Yang*, H. Yamauchi^, National Tsing Hua University, *ICL, ITRI, **National
Chung Hsing University, ^Fukuoka Institute of Technology
This work proposes bit-line (BL) swing expansion schemes
(BL-EXPD), which minimize the product of SRAM cell area (A) and the minimum
operation voltage (VDDmin) to the best of our knowledge. The key-enablers to
minimize AVDDmin are: L-shaped 7T cell (L7T) and BL-EXPD. L7T features:
(1) area efficient compact cell layout, (2) a read-disturb free decoupled 1T
read port (RP), and (3) a half-select disturb free write back scheme. BL-EXPD
enables a 9x larger read-BL (RBL) swing at 6point than that of
our previously proposed Z8T and allows a single BL sensing for cell area
saving. A fabricated 65nm 256-row BL
32Kb L7T SRAM achieves a 260mV VDDmin. As a result, its AVDDmin is ~50%
lower than for Z8T and the conventional 8T SRAM cells.
14.3 - 4:15 p.m.
A
1.6-mm2 38-mW 1.5-Gb/s LDPC Decoder Enabled by Refresh-Free Embedded DRAM, Y.S. Park, D. Blaauw, D. Sylvester, Z.

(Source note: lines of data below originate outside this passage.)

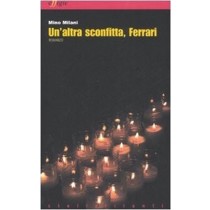 Un'Altra Sconfitta, Ferrari Mino Milani Effigie 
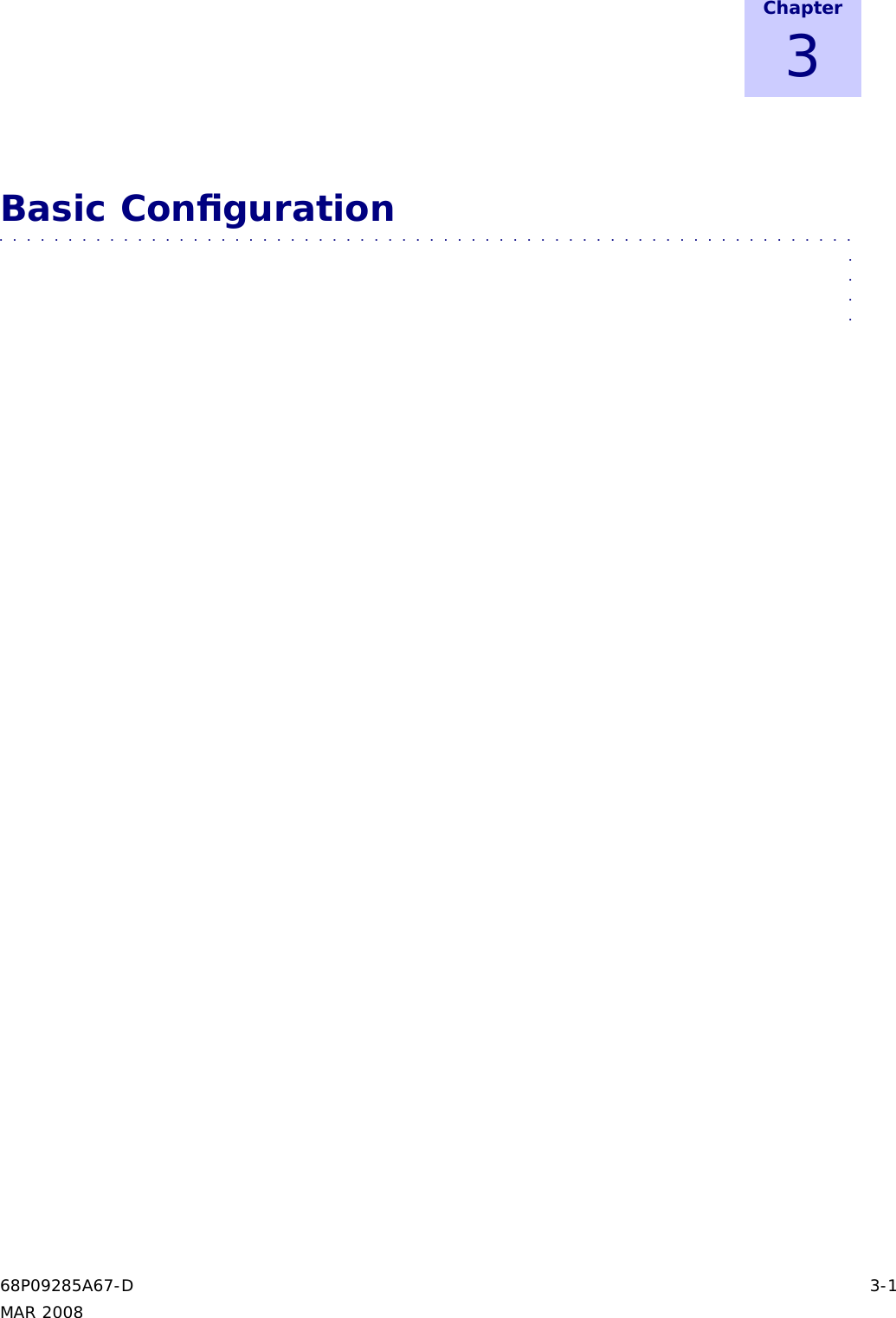 Chapter3Basic Conﬁguration■■■■■■■■■■ ■■■■■■■■■■■■■ ■■■■■■■■■■■■■ ■■■■■■■■■■■■■ ■■■■■■■■■■■■■■■■■68P09285A67-D 3-1MAR 2008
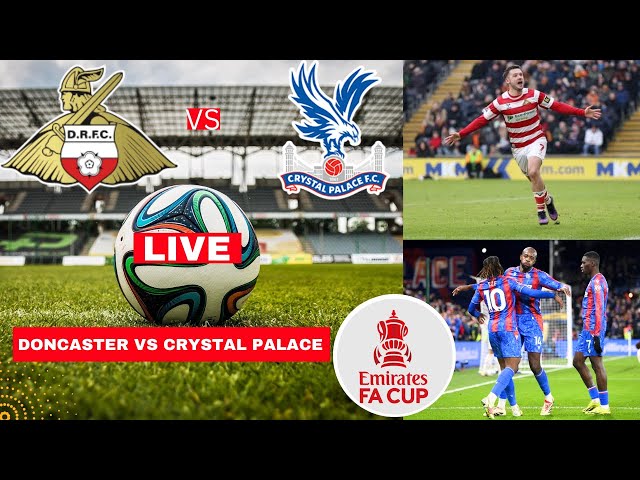 Doncaster vs Crystal Palace 0-2 Live Stream FA Cup 2025 Football Match Today Score 2025 Highlights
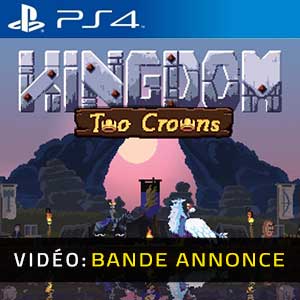 Kingdom Two Crowns PS4 Bande-annonce Vidéo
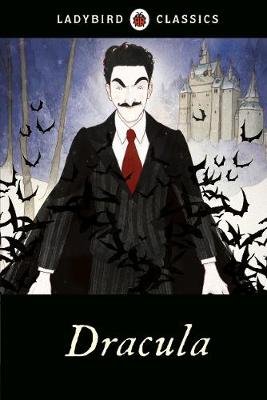 Ladybird Classics: Dracula Stoker Bram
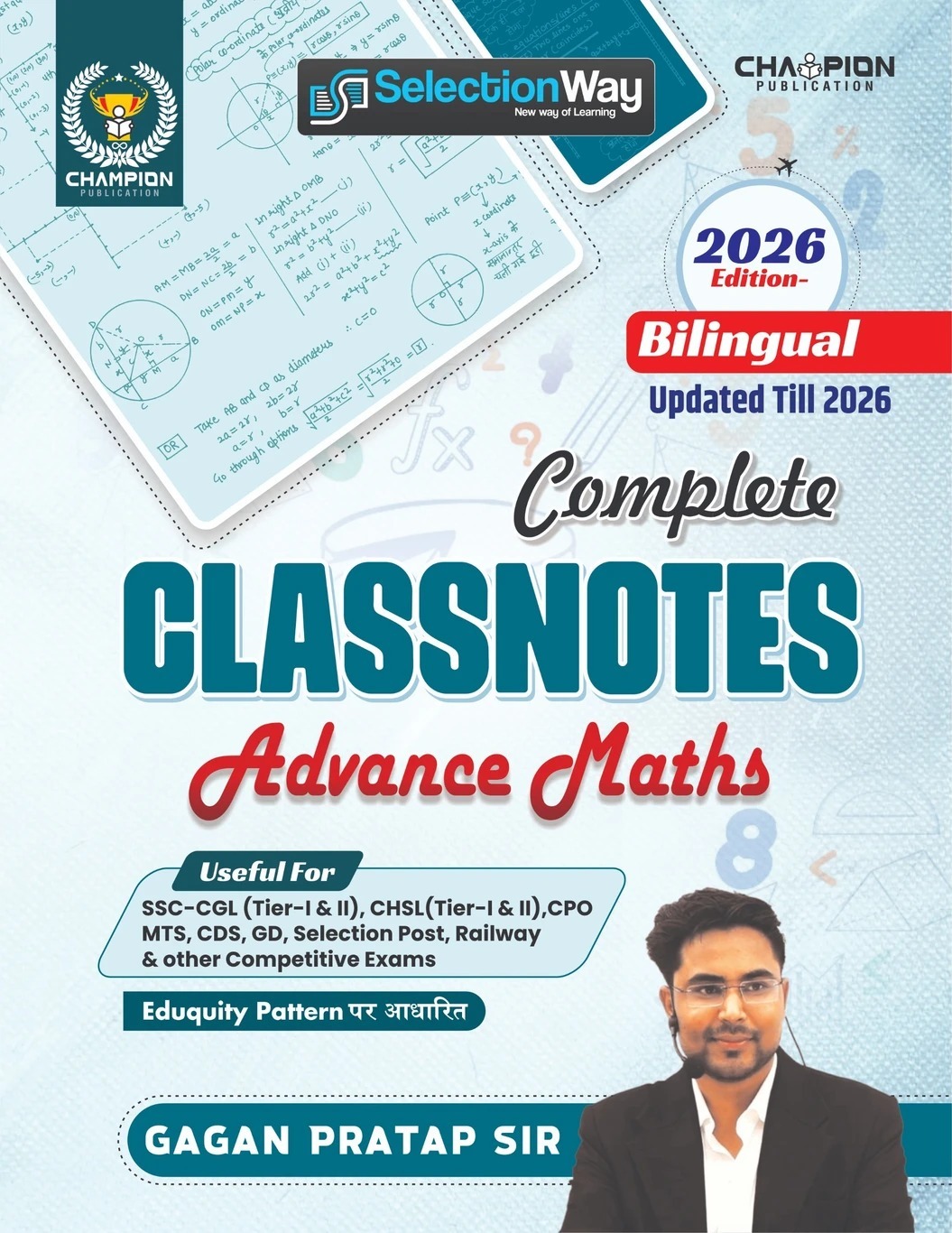 Champion Advance Maths Complete Classnotes In Bilingual Updated Till 2026 By Gagan Pratap Sir For SSC CGL Railway And Other Competitive Exams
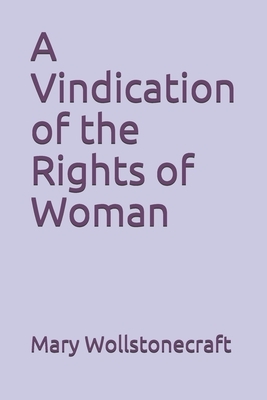 A Vindication of the Rights of Woman by Mary Wollstonecraft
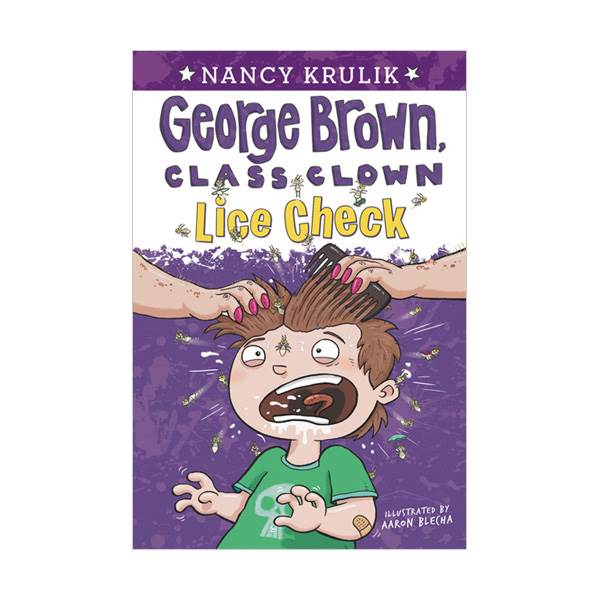 George Brown, Class Clown #12 : Lice Check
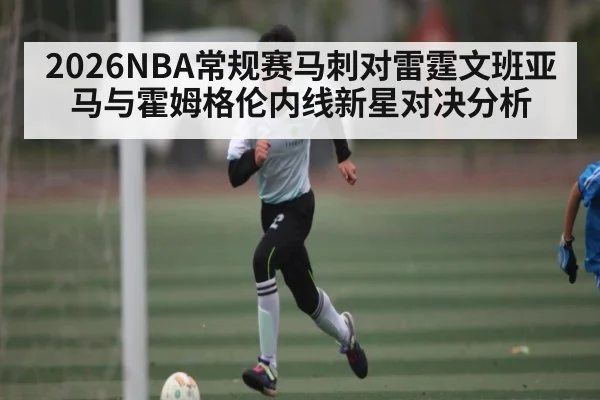 2026NBA常规赛马刺对雷霆文班亚马与霍姆格伦内线新星对决分析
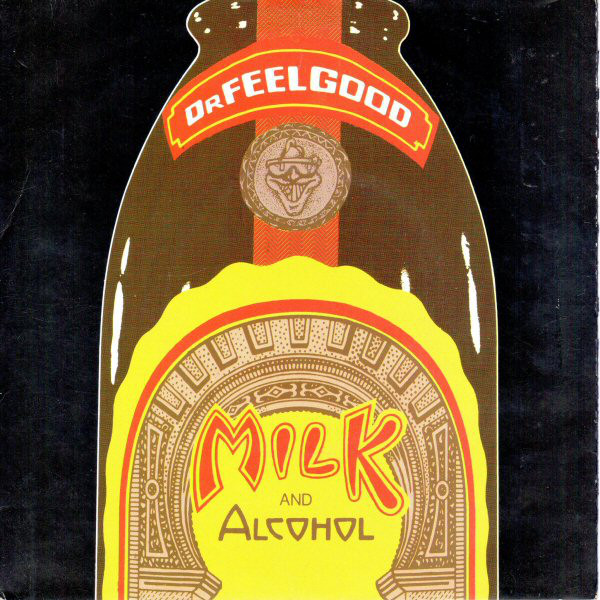 Accords et paroles Milk And Alcohol Dr. Feelgood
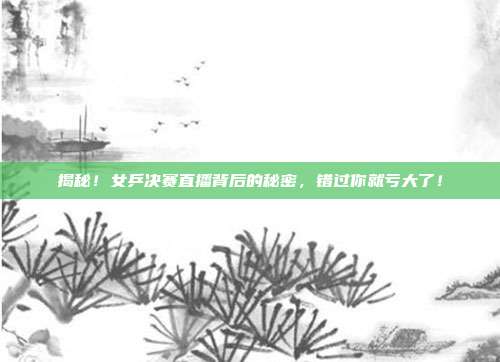 揭秘！女乒决赛直播背后的秘密，错过你就亏大了！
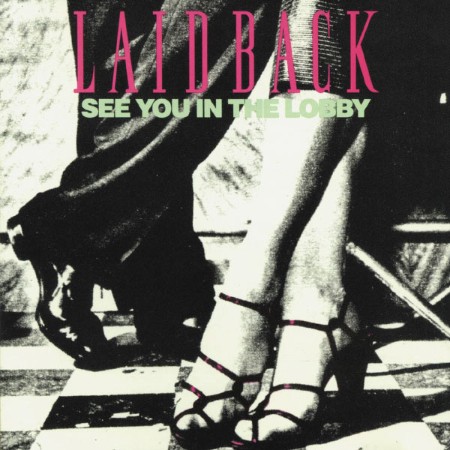 Laid Back - See You in the Lobby (Remastered) (1987)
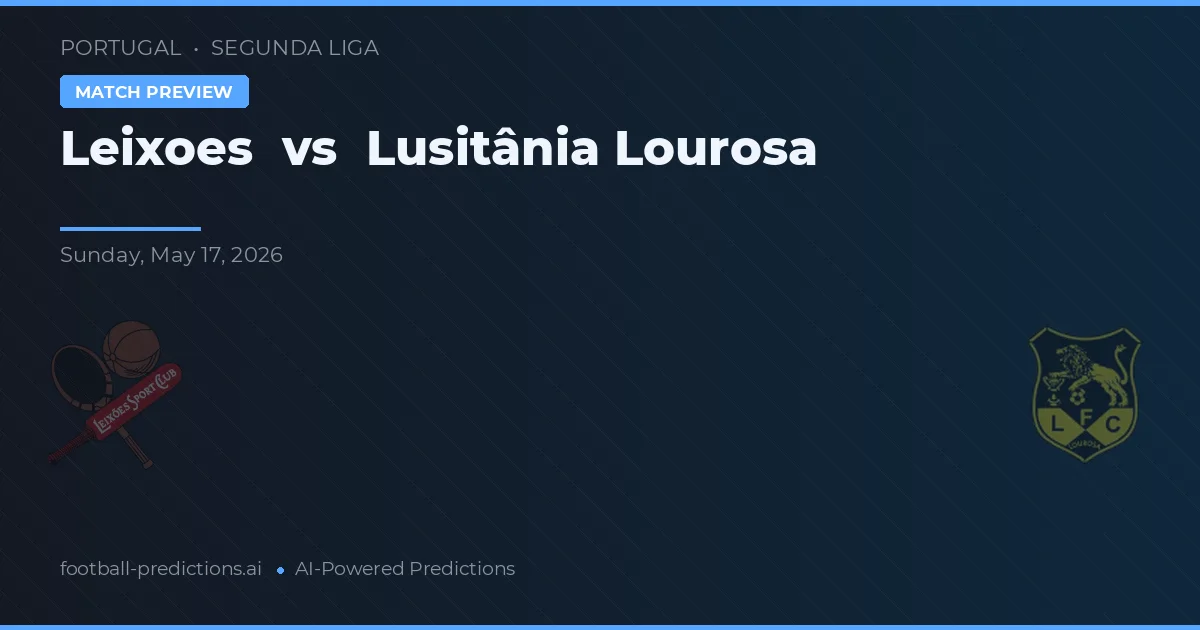 Leixões vs Lusitânia Lourosa — pronostic și avancronică meci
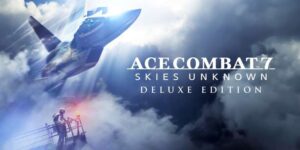 ACE COMBAT7: SKIES UNKNOWN DELUXE EDITION – Nintendo switch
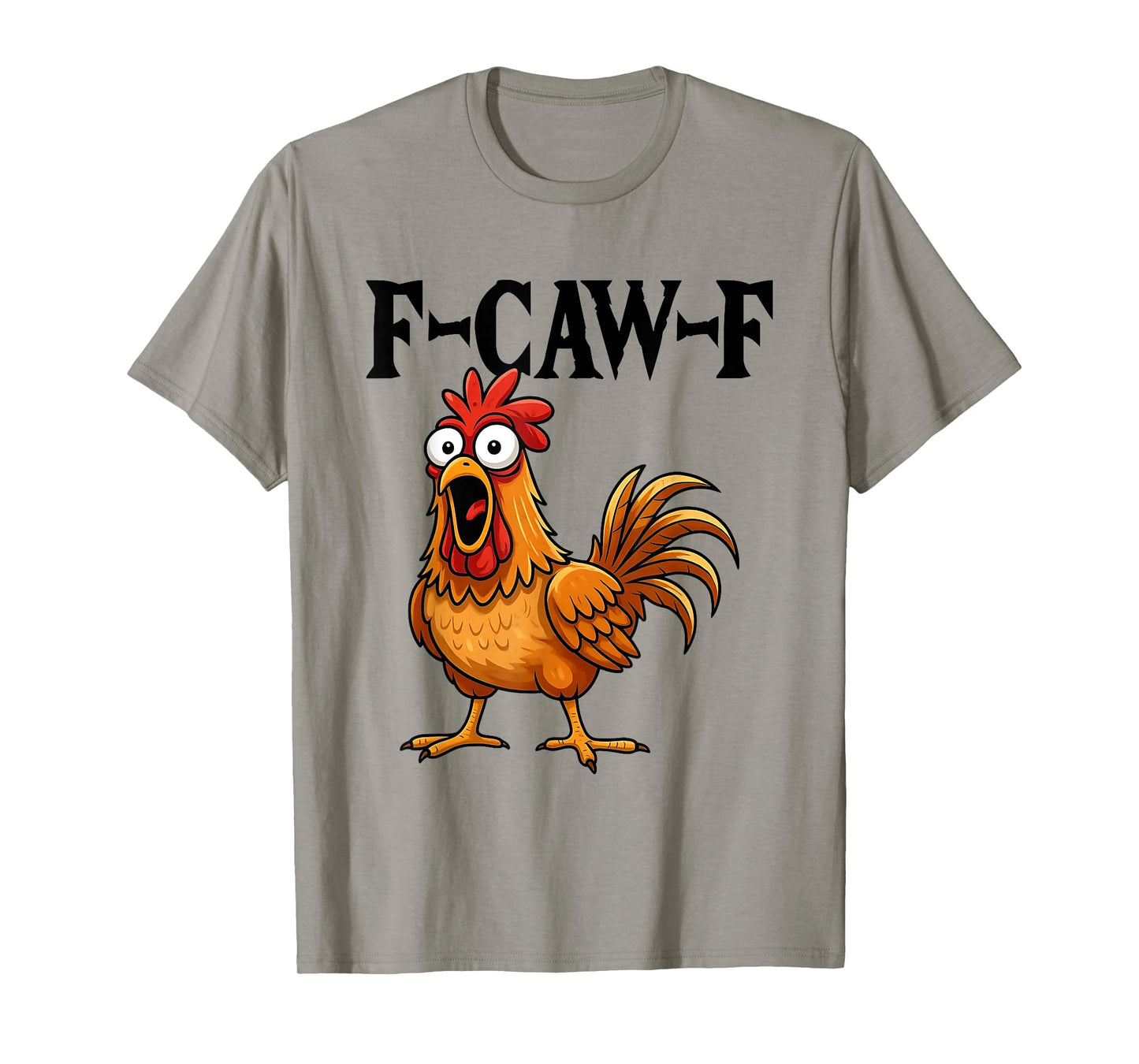 F-Caw-F Funny Chicken Humor F-Caw-F Quote Rooster Meme T-Shirt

Zhang, University of Michigan
Memory dominates the power consumption of high-throughput
LDPC decoders. A 700 MHz refresh-free embedded DRAM (eDRAM) is designed as a
low-power memory to retain data for the required access window. 32 1-kb eDRAM
arrays are integrated in a 1.6 mm2, 65nm LDPC decoder suitable for IEEE
802.11ad. The LDPC decoder consumes 38 mW for a 1.5 Gb/s throughput at 90 MHz
and 10 decoding iterations, and it achieves up to 9 Gb/s at 540 MHz.
14.4 - 4:40 p.m.
1Gsearch/sec
Ternary Content Addressable Memory Compiler with Silicon-Aware Early-Predict
Late-Correct Single-Ended Sensing, I.
Arsovski, T. Hebig, D. Dobson, R. Wistort, IBM Systems Technology Group
This paper describes a Ternary Content Addressable Memory
(TCAM) that uses a novel Early-Predict Late Correct (EPLC) search scheme to
achieve the highest published TCAM search throughput of 1billion searches /
sec, while using a power-efficient two-phase search sensing that consumes only
0.76W on a 2048x640 TCAM.
Abstract:
A Ternary Content Addressable Memory (TCAM) uses a two phase
search operation where early prediction on its pre-search results prematurely
activates the subsequent main-search operation, which is later interrupted only
if the final pre-search results contradict the early prediction. This early
main-search activation improves performance by 30%, while the low-probability
of a late-correct has a negligible power impact. This Early Predict Late
Correct (EPLC) sensing enables a high-performance TCAM compiler implemented in
32nm High-K Metal Gate SOI process to achieve 1Gsearch/sec throughput on a 2048x640bit
TCAM instance while consuming only 0.76W. Embedded Deep-Trench (DT) capacitance
for power supply noise mitigation adds 5% overhead for a total TCAM area of
1.56mm2
14.5 - 5:05 p.m.
A
2.8GHz 128-entry x 152b 3-Read/2-Write Multi-Precision Floating-Point Register
File and Shuffler in 32nm CMOS, S.
Hsu, A. Agarwal, M. Anders, H. Kaul, S. Mathew, F. Sheikh, R. Krishnamurthy, S.
Borkar, Intel Corporation
A 128-entry x 152b 3-read/2-write ported multi-precision
floating-point register file/shuffler with measured 2.8GHz operation is
fabricated in 1.05V, 32nm CMOS. Single-precision (24b-mantissa), 2-way 12b or
4-way 6b reduced mantissa precision modes, certainty tracking bits,
mode-dependent gating, area-efficient windowing using 1R/1W cells, and
ultra-low-voltage read/write circuits enable 350mV-1.2V wide dynamic voltage
range with measured peak energy-efficiency of 751GOPS/W at 400mV, 4-way 6b-mode
(22.3x higher than 1.05V single-precision mode) and 19% area reduction over
single-precision 3R/2W implementations.